Een van zijn bekendste gerechten is de ‘kaviaar van appel’, een kaviaarblikje gevuld met piepkleine gelige bolletjes die qua structuur (korrelige gelei) precies lijken op de kostbare viseitjes, maar smaken naar ordinaire Golden Delicious. De korreltjes worden gemaakt door appelmassa met alginaat in een calciumbadje te druppelen, waardoor de buitenkant van de druppeltjes geleert (klik hier voor een filmpje van dit proces). Dit is een typische manier van spelen met verwachtingen: door het kaviaarblikje en het benen lepeltje waarmee het wordt opgediend, door de exclusiviteit van kaviaar en de alledaagsheid van appel. “Marktwaarde betekent niets,” zegt hij. “Een zoete aardappel is hetzelfde als foie gras. Niet beter of slechter. Hetzelfde. Begrijp je dat? Dan laat je er technieken en concepten op los. En dan wordt het wat. Het doel van de culinaire vanguardia moet zijn: gerechten en technieken te ontwikkelen die de gasten aanmoedigen hun zintuiglijke, emotionele en intellectuele faculteiten ten volle te gebruiken, en voedsel te ervaren op nieuwe en onverwachte manieren.”
Kook-kunst?
In 2007 participeerde hij bij de belangrijkste tentoonstelling van actuele beeldende kunst in Europa, Documenta in Kassel. Ziet hij zijn koken ook werkelijk als moderne kunst?
“Sommige kunst roept een reactie bij mij op, een interactie tussen mij, mijn geschiedenis, cultuur, kennis, verwachtingen, en een schilderij of een film. De communicatie tussen kunstenaar en kijker. Met vanguardia cuisine is dat net zo. Maar ik zeg niet dat het beter is dan friet met een gebakken ei: als je naar de bioscoop gaat wil je ook niet altijd naar een rare arthousefilm. Soms wil je gewoon iets met Bruce Willis. Het hangt er maar vanaf waar je zin in hebt. Een groot deel van het jaar wil ik normaal, lekker eten en er verder niet over nadenken. Maar soms wil ik iets exceptioneels. Iets wat me doet nadenken. Niet alleen over gastronomie en koken, maar over het leven zelf. Maar of dat kunst is? Het kan mij persoonlijk niet zo veel schelen. De ervaring die je kunt hebben in bepaalde avant garde-restaurants, een zintuiglijke ervaring met een bepaalde kunstzinnige reflectie, is vergelijkbaar met ervaringen die kunnen worden opgeroepen door kunst. Of het kunst is of niet, mag de kunstwereld bepalen. Ik ben kok. Ik breek me daar het hoofd niet over.”

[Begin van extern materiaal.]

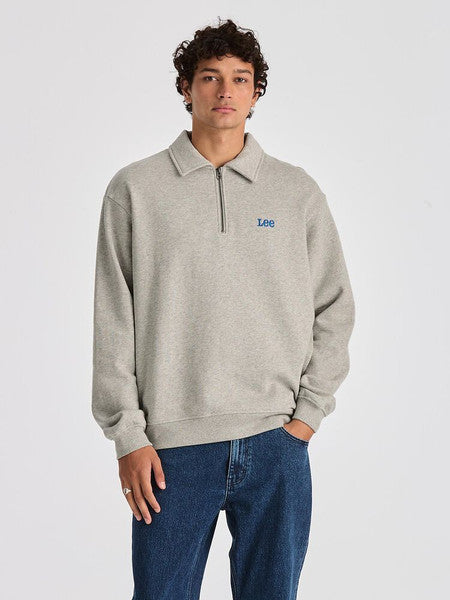 Lee Collar Fleece Sweat - Grey Marle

"Of het kunst is of niet, mag de kunstwereld bepalen. Ik ben kok. Ik breek me daar het hoofd niet over."
Op 30 juli van dit jaar sluit elBulli in huidige vorm voorgoed zijn deuren, om verder te gaan als stichting. Adrià wil in een nieuwe vorm verdergaan met het creëren van moderne technieken en concepten. “Zoals ik elBulli zie en in de toekomst wil blijven zien, is het een ruimte om te verpozen, om te chillen, en om je te verwonderen over wat er gebeurt als je er bent. Een vanguardia-restaurant dat aan creatieve cuisine doet, echt creatieve cuisine die niet kopieert, kan mensen doen nadenken over hun leven, hun eigen geluk.” Hij heeft al aangegeven alle recepturen van elBulli gratis op internet beschikbaar te zullen maken. “Eten is een zeer complex ding, maar omdat we het elke dag doen, zien we het niet zo. Dat zou ook doodvermoeiend zijn. Stel je een moment voor dat voedsel geen fysiologische noodzaak was, wat zou onze relatie er dan mee zijn? Reflectie kan je vrijmaken. Ik prijs me gelukkig, want in de kookkunst is nog zo veel te ontdekken. In de kunst zijn er veel mensen voor me geweest, maar in de kookkunst ben ik deel van de geschiedenis.”
“Ik zou zo graag eens bij u eten," probeer ik tegen beter weten in, “voordat elBulli dichtgaat. Ik weet nu van alles over het eten dat u maakt, behalve hoe het smaakt.” Ferran Adrià glimlacht ongemakkelijk en haalt zijn schouders op. “Dat begrijp ik, maar dat kan niet,” zegt hij. “We zitten vol.”